Lastly, the court turned to the attempted market manipulation claim, which “[u]nlike market manipulation, . . . does not require proof of an artificial price—only that Defendants ‘acted (or failed to act) with the purpose or conscious object of causing or effecting a price or price trend in the market that did not reflect the legitimate forces of supply and demand.’” But, once more, the CFTC’s case failed to get out of the gate. As the court again explained, “the mere intent to affect prices is not enough; rather, the CFTC must show that Defendants intended to cause artificial prices—i.e., prices that they understood to be unreflective of the forces of supply and demand.” Judge Sullivan decided that not only had the CFTC failed to meet its burden under the applicable preponderance of the evidence standard, but that the evidence had actually affirmatively disproven their case: “In fact, the trial testimony and exhibits prove beyond the shadow of a doubt that [DRW] sincerely believed the fair market value of the [IDCH swaps] was higher than the bids they submitted over the course of the alleged conspiracy.” As a result, the price increase that DRW was attempting to cause was not artificial and, therefore, did not constitute attempted market manipulation.

III. Conclusion

As the court observed, “[i]t is not illegal to be smarter than your counterparties in a swap transaction, nor is it improper to understand a financial product better than the people who invented that product.” Indeed, the court noted that virtually all market participants (or, as the court explained it, everyone except the CFTC’s Enforcement Division and its expert witness) eventually concluded that DRW’s analysis of the arbitrage opportunity was correct. The court chastised the CFTC for failing to recognize these facts and persisting in what it called an “‘earth is flat’ style conviction” in pursuing the case. Whether the Commission retreats from its aggressive position in light of this decision and the additional potential hurdle erected to bringing such a claim by Judge Sullivan will be important to monitor moving forward.
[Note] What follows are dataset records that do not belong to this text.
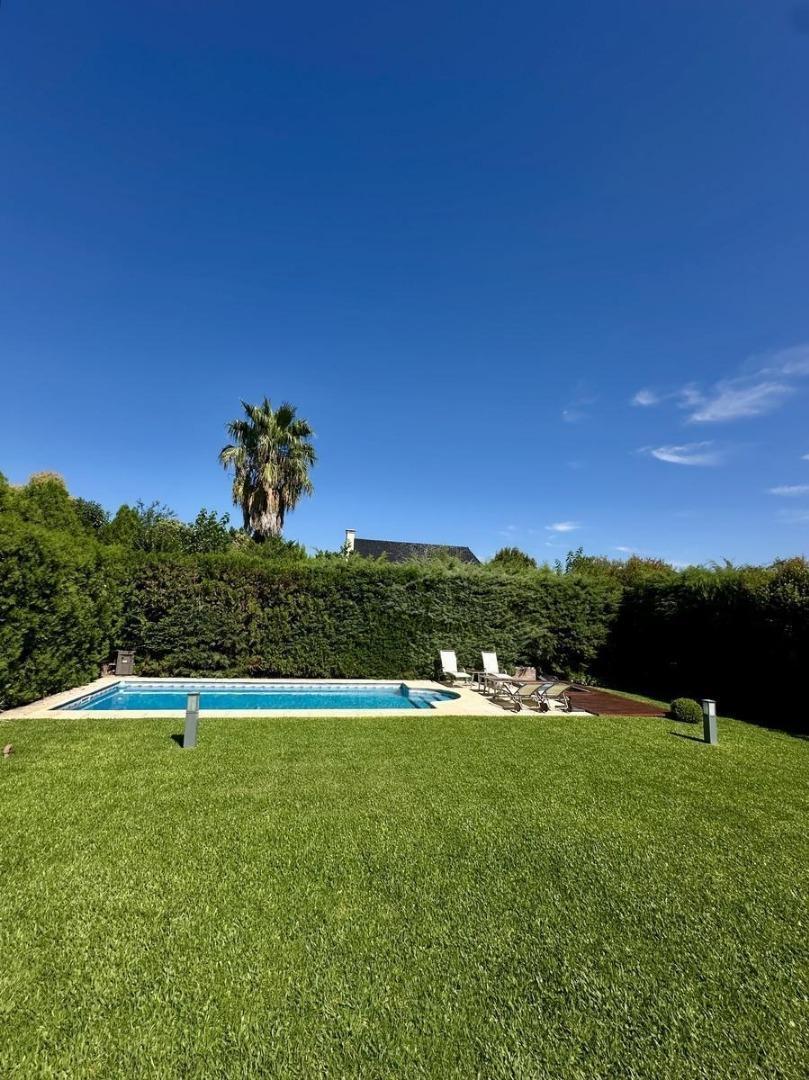 Casa en Venta con 3 cocheras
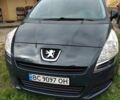 Серый Пежо 5008, объемом двигателя 1.6 л и пробегом 260 тыс. км за 6800 $, фото 1 на Automoto.ua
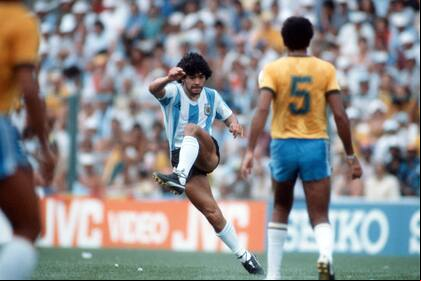 Barcelona, 2 de julio de 1982. La guerra en Malvinas había terminado. La Selección Argentina de fútbol pierde 3 a 1 contra Brasil. Diego Maradona termina su primer mundial expulsado... Foto:BONGARTS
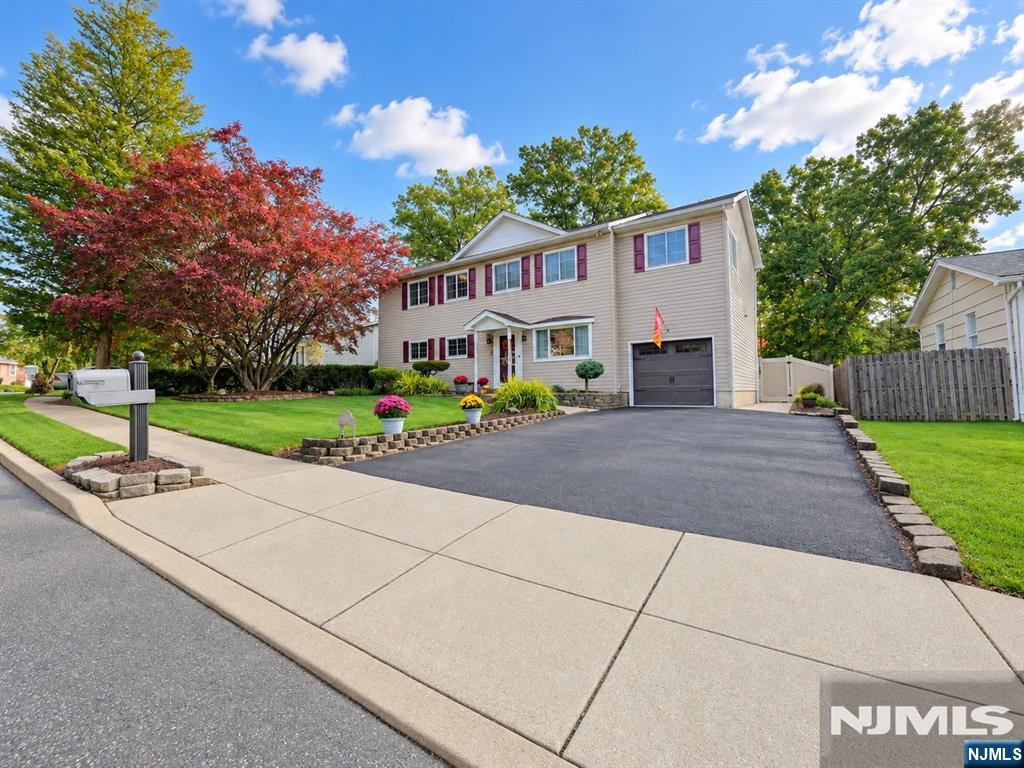 7 Perrelli Lane, Jefferson Township, NJ 07438 — photo 3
1 In re Amaranth, 730 F.3d 170, 183 (2d Cir. 2013) (quoting Hershey v. Energy Transfer Partners, 610 F.3d 239, 247 (5th Cir. 2010)).
2 1982 WL 30249 (CFTC Dec. 17, 1982).
3 For instance, the DRW court had previously rejected the exact same argument during pre-trial motions in this case. See CFTC v. Donald Wilson & DRW Inv., LLC, 2016 WL 7229056 at *7 (SDNY Sept. 30, 2016) (“The CFTC interprets this language as holding that the intent standard is merely the ‘intent to affect market price.’ The CFTC’s interpretation is incorrect.”). Similarly, the CFTC had argued unsuccessfully in CFTC v. Kraft, 153 F. Supp. 3d 996 (N.D. Ill. 2015), that its Rule 180.1 circumvented both the artificial-price and the specific-intent elements of proof for manipulative trading.